Exactly those lines running from the one containing "Karte der Reiseroute" to the end of the material are to be printed, and no others.

══ Records shown ══

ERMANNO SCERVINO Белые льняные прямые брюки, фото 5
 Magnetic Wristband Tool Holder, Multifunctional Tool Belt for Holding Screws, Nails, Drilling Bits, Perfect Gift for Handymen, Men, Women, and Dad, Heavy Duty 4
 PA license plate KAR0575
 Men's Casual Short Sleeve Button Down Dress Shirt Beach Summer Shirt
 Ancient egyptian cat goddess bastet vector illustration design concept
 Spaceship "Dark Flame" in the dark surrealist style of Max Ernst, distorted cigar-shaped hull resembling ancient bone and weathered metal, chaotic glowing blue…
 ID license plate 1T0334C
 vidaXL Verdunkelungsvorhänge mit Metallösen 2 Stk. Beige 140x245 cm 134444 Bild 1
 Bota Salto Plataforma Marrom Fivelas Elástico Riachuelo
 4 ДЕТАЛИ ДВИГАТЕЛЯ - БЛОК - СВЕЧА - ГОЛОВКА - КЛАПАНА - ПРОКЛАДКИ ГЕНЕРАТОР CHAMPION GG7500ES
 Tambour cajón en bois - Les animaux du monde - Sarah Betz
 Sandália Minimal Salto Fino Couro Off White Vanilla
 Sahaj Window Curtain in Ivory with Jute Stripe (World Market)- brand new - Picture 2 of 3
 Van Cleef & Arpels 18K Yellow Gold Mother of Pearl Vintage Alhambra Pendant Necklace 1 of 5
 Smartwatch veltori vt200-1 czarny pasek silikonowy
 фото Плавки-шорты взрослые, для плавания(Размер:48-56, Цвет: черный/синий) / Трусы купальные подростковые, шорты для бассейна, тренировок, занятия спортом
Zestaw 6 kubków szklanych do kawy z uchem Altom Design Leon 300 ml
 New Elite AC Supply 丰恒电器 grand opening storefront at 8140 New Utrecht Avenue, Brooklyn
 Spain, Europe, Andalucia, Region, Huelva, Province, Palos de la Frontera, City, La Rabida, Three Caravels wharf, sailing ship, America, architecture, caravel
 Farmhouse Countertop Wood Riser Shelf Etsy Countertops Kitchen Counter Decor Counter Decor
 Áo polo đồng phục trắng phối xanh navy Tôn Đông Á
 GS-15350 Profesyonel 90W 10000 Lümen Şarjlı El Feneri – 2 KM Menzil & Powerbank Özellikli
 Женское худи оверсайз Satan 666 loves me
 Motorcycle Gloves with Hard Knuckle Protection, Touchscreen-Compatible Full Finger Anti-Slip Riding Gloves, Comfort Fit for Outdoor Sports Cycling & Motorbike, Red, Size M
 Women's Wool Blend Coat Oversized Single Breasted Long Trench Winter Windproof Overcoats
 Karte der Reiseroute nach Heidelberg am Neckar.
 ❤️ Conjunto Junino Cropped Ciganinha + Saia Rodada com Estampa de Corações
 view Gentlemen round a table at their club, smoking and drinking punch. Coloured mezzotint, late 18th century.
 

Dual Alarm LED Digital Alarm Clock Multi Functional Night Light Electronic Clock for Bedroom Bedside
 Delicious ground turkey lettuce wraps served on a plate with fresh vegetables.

═══

**Exercise response**
 Karte der Reiseroute nach Heidelberg am Neckar.
 ❤️ Conjunto Junino Cropped Ciganinha + Saia Rodada com Estampa de Corações
 view Gentlemen round a table at their club, smoking and drinking punch. Coloured mezzotint, late 18th century.
 

Dual Alarm LED Digital Alarm Clock Multi Functional Night Light Electronic Clock for Bedroom Bedside
 Delicious ground turkey lettuce wraps served on a plate with fresh vegetables.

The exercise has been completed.